OpenCL Runtime: Programs and Kernels

Program

class pyopencl.Program(context, src)
class pyopencl.Program(context, devices, binaries)

binaries must contain one binary for each entry in devices. If src is a bytes object starting with a valid SPIR-V magic number, it will be handed off to the OpenCL implementation as such, rather than as OpenCL C source code. (SPIR-V support requires OpenCL 2.1.)

Changed in version 2016.2: Add support for SPIR-V.

info

Lower case versions of the program_info constants may be used as attributes on instances of this class to directly query info attributes.

get_info(param)

See program_info for values of param.

get_build_info(device, param)

See program_build_info for values of param.

build(options=[], devices=None, cache_dir=None)

options is a string of compiler flags. Returns self.

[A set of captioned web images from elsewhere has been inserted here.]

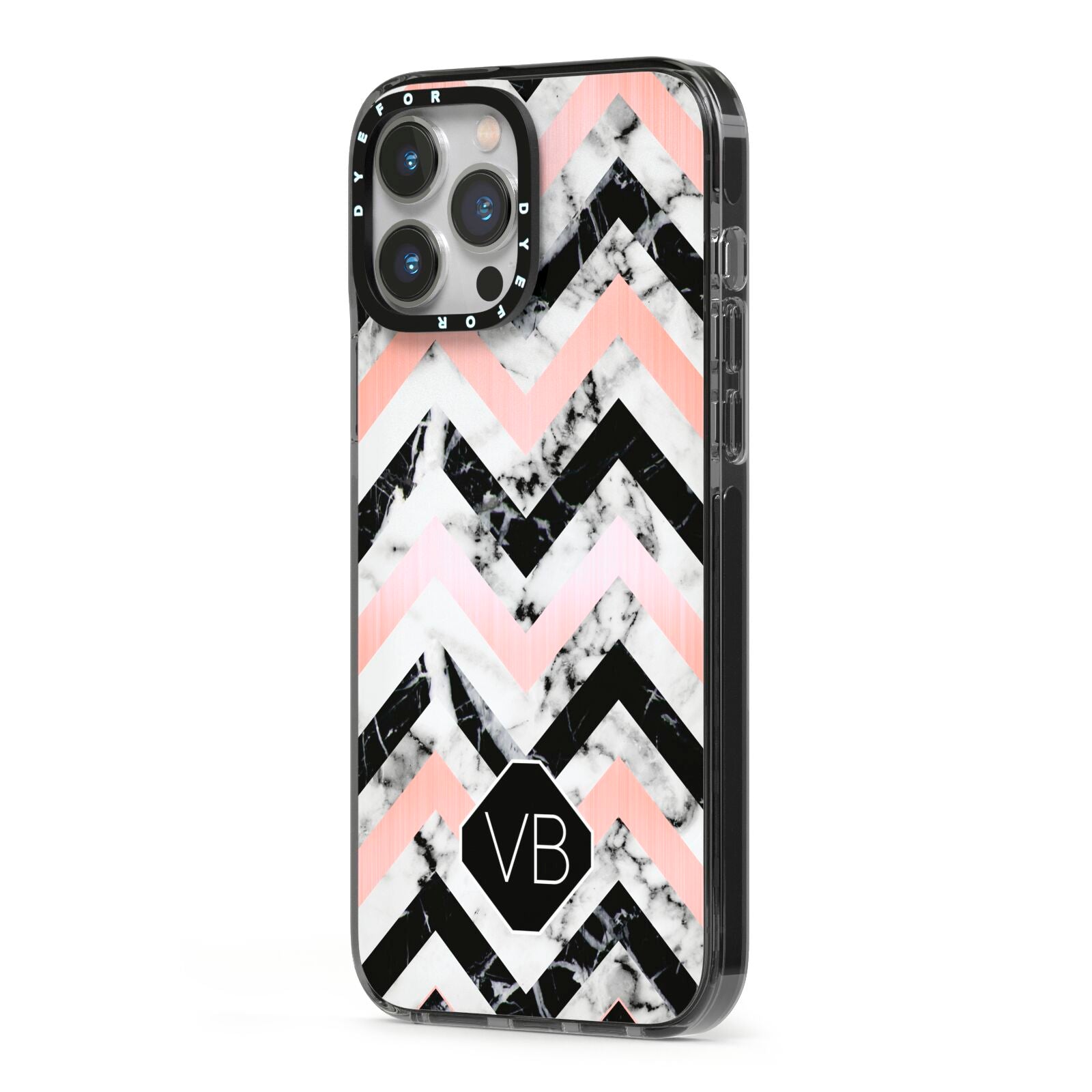 Personalised Marble Pattern Initials iPhone 13 Pro Max Black Impact Case Side Angle on Silver phone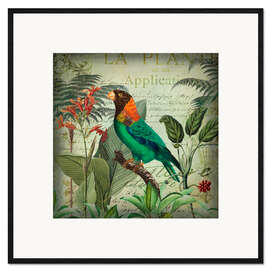 Impression artistique encadrée Tropical Parrot in Vintage Style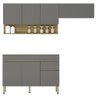 Armário de Cozinha 3 Peças Balcão sem Tampo 120cm Lina02 K02 Gris/Freijó - Mpozenato - 1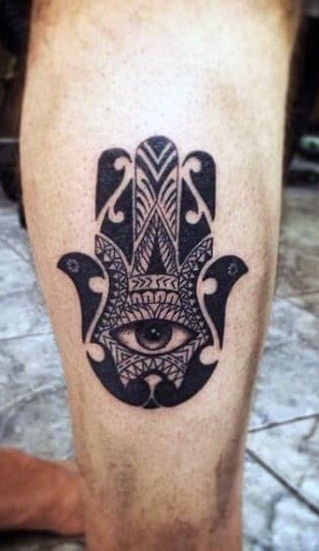 Black-work Hamsa Tattoo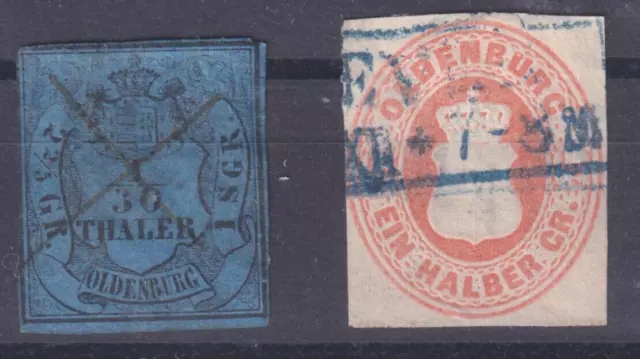Altdeutschland Oldenburg Mi.Nr. 2 & 16 Aa signiert 1852/62 (Mi. 175,-€)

If cache_dir is not None - built binaries are cached in an on-disk cache with given path. If passed cache_dir is None, but context of this program was created with not-None cache_dir - it will be used as cache directory. If passed cache_dir is None and context was created with None cache_dir: built binaries will be cached in an on-disk cache called pyopencl-compiler-cache-vN-uidNAME-pyVERSION in the directory returned by tempfile.gettempdir(). By setting the environment variable PYOPENCL_NO_CACHE to any non-empty value, this caching is suppressed. Any options found in the environment variable PYOPENCL_BUILD_OPTIONS will be appended to options.

Changed in version 2011.1: options may now also be a list of str.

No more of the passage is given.